__Input data__:
.....

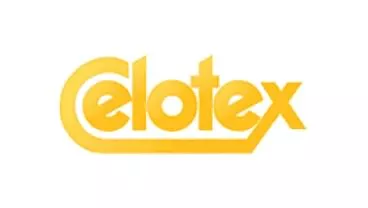 Celotex Corporation logo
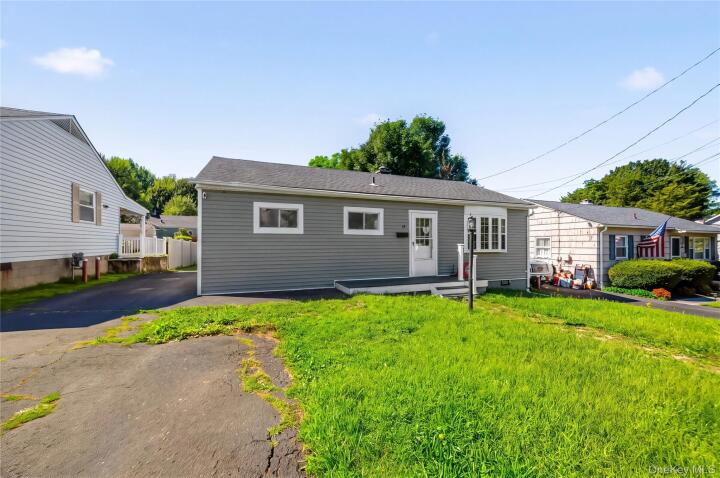 Property photo # 1
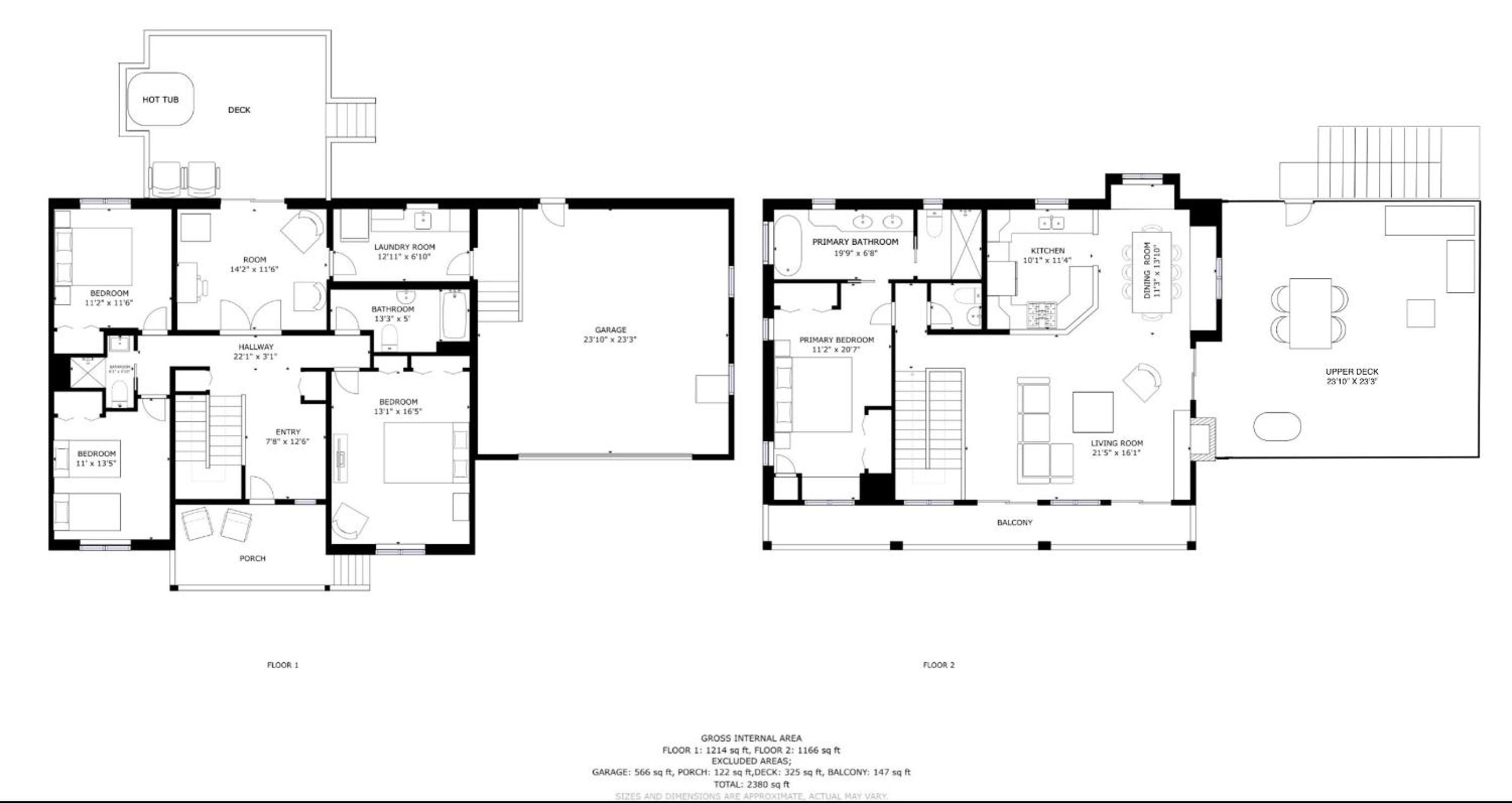 Gearhart Highlands • Hot Tub • Golf • Dog Friendly view 5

.....

__Activity__: Skipping the images, write out the whole listing exactly.

__Answer to the problem__:
 Celotex Corporation logo
 Property photo # 1
 Gearhart Highlands • Hot Tub • Golf • Dog Friendly view 5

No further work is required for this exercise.